Input for this task
###
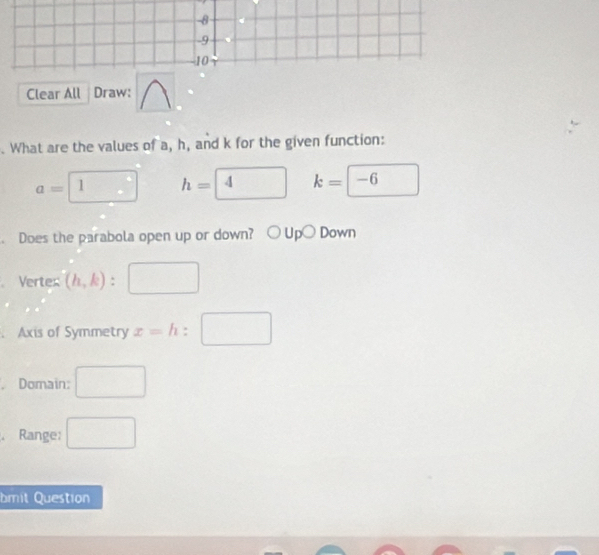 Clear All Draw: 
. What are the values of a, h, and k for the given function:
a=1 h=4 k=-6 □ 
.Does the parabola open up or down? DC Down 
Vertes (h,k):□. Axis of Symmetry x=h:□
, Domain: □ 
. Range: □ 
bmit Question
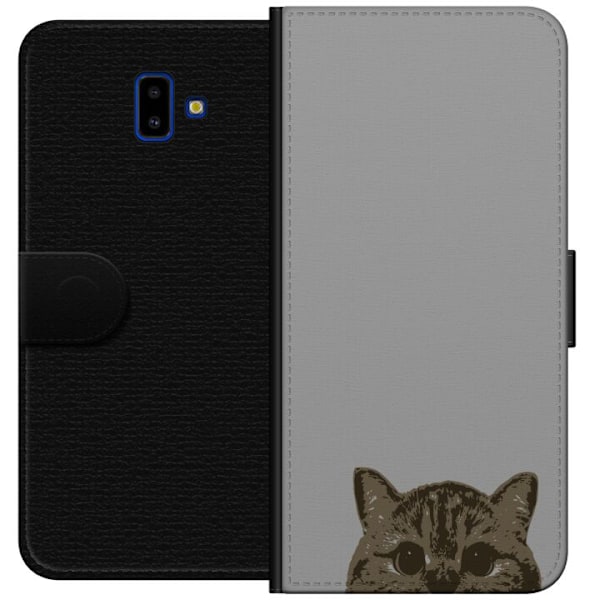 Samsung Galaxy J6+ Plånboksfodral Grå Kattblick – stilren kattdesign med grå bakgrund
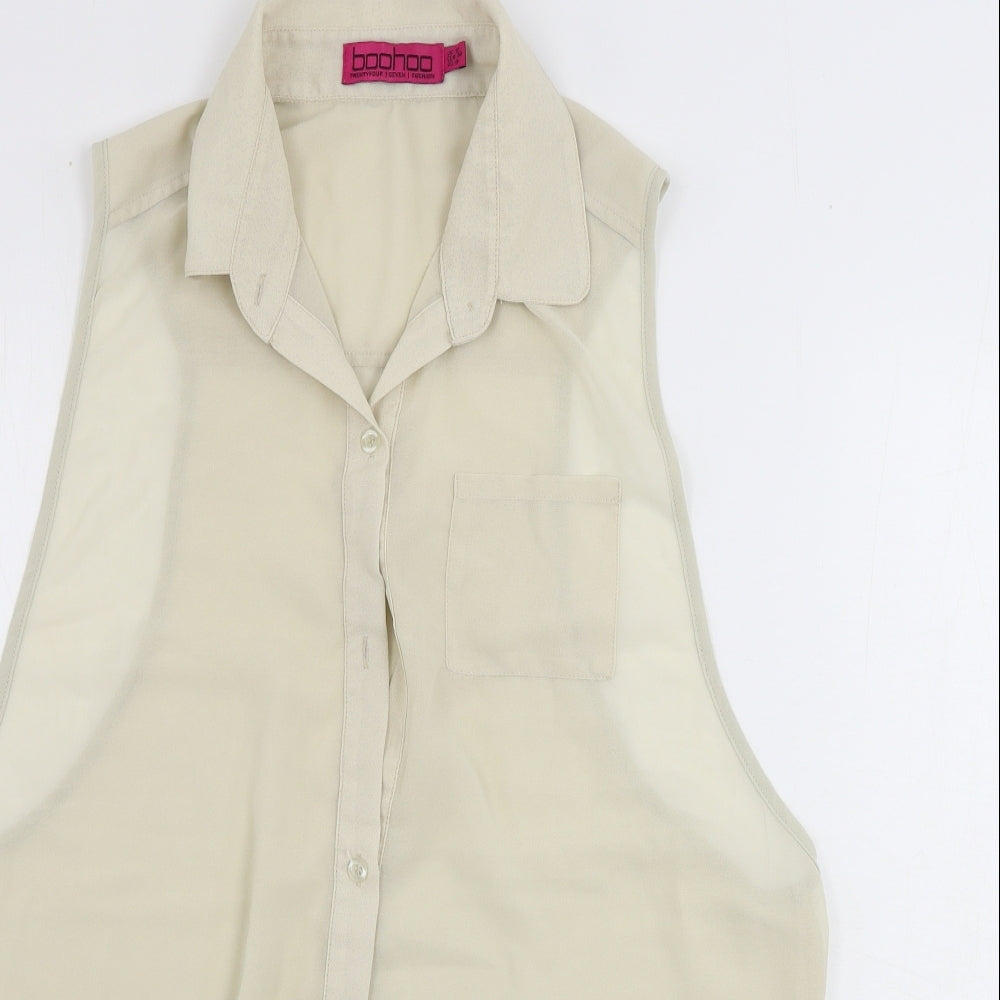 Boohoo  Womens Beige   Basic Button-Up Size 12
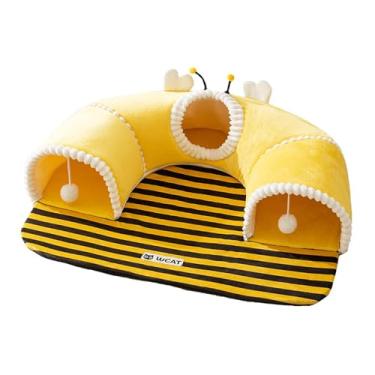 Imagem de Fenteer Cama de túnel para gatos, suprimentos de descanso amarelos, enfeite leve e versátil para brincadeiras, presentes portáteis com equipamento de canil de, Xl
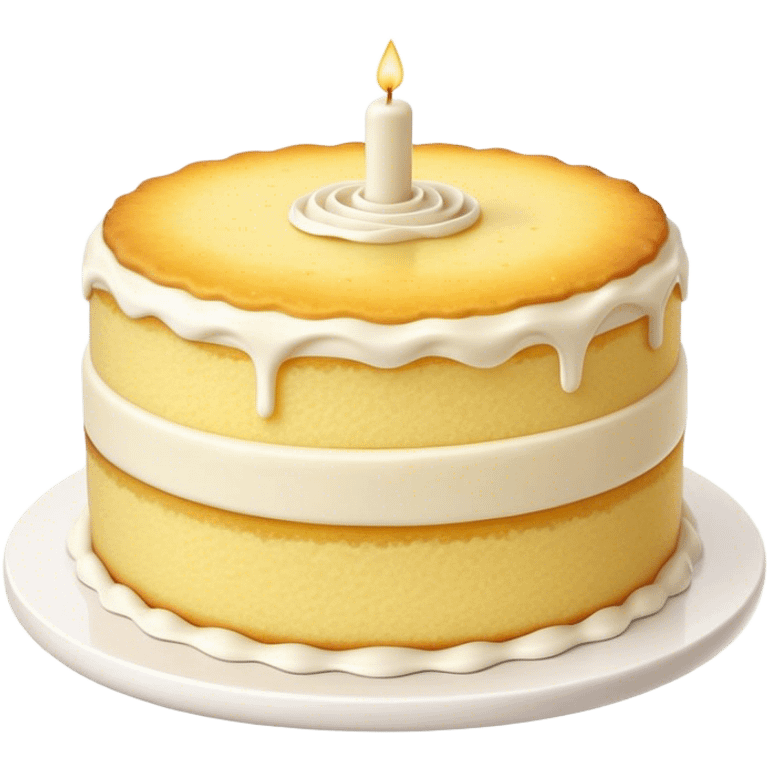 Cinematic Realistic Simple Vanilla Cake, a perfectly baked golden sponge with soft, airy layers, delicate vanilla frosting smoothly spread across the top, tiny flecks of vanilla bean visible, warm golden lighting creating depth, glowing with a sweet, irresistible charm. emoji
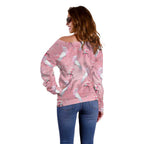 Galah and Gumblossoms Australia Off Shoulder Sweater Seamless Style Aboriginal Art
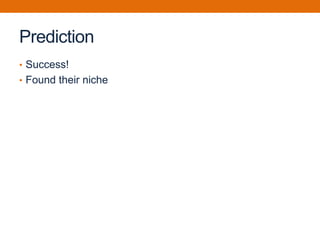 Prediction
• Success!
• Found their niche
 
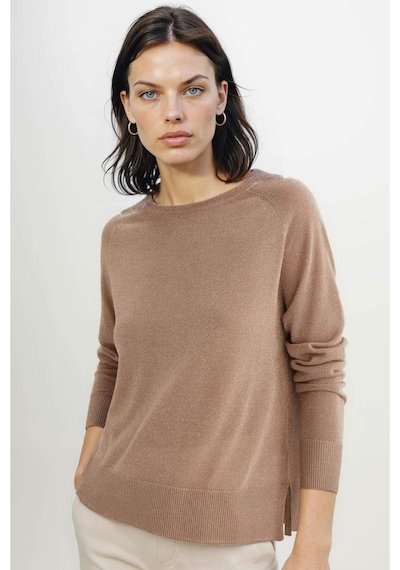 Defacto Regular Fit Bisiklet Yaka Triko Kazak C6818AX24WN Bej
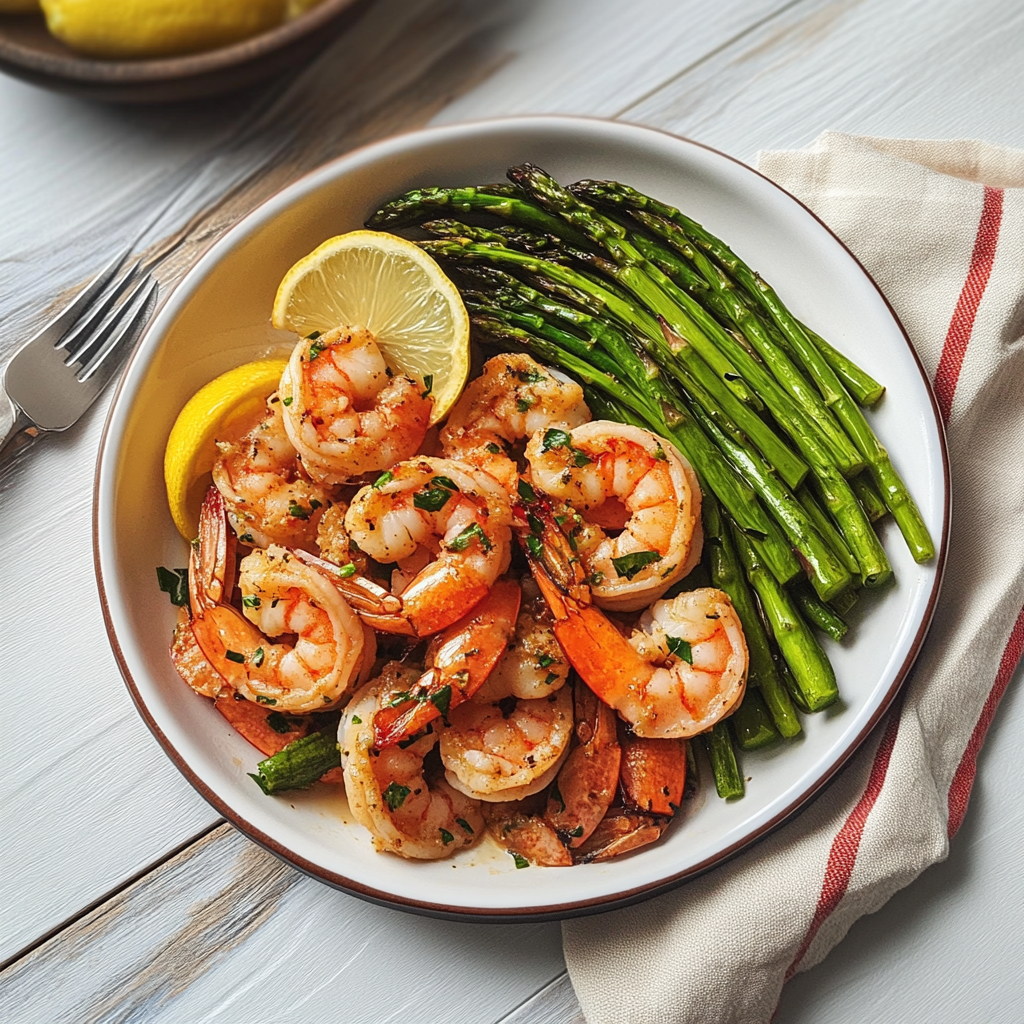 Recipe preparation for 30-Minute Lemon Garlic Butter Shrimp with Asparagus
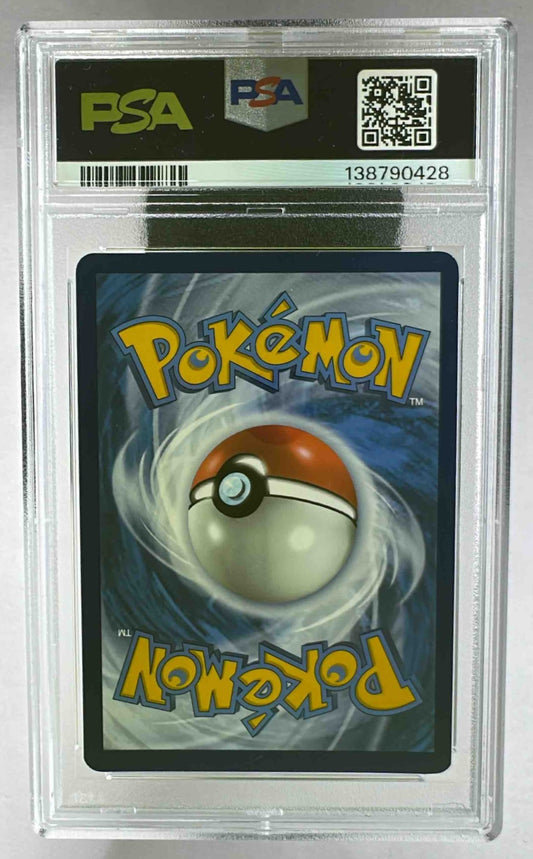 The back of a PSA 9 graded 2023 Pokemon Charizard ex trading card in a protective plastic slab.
###
Description of the task
Pictures are to be left out; the listing above is otherwise to be copied exactly.

Solution to this task
 Clear All Draw: 
. What are the values of a, h, and k for the given function:
a=1 h=4 k=-6 □ 
.Does the parabola open up or down? DC Down 
Vertes (h,k):□. Axis of Symmetry x=h:□
, Domain: □ 
. Range: □ 
bmit Question
 Samsung Galaxy J6+ Plånboksfodral Grå Kattblick – stilren kattdesign med grå bakgrund
 Boohoo  Womens Beige   Basic Button-Up Size 12
 Imagem de Fenteer Cama de túnel para gatos, suprimentos de descanso amarelos, enfeite leve e versátil para brincadeiras, presentes portáteis com equipamento de canil de, Xl
 Cinematic Realistic Simple Vanilla Cake, a perfectly baked golden sponge with soft, airy layers, delicate vanilla frosting smoothly spread across the top, tiny flecks of vanilla bean visible, warm golden lighting creating depth, glowing with a sweet, irresistible charm. emoji
 Galah and Gumblossoms Australia Off Shoulder Sweater Seamless Style Aboriginal Art
 Prediction
• Success!
• Found their niche
 
 Defacto Regular Fit Bisiklet Yaka Triko Kazak C6818AX24WN Bej
 Recipe preparation for 30-Minute Lemon Garlic Butter Shrimp with Asparagus
 The back of a PSA 9 graded 2023 Pokemon Charizard ex trading card in a protective plastic slab.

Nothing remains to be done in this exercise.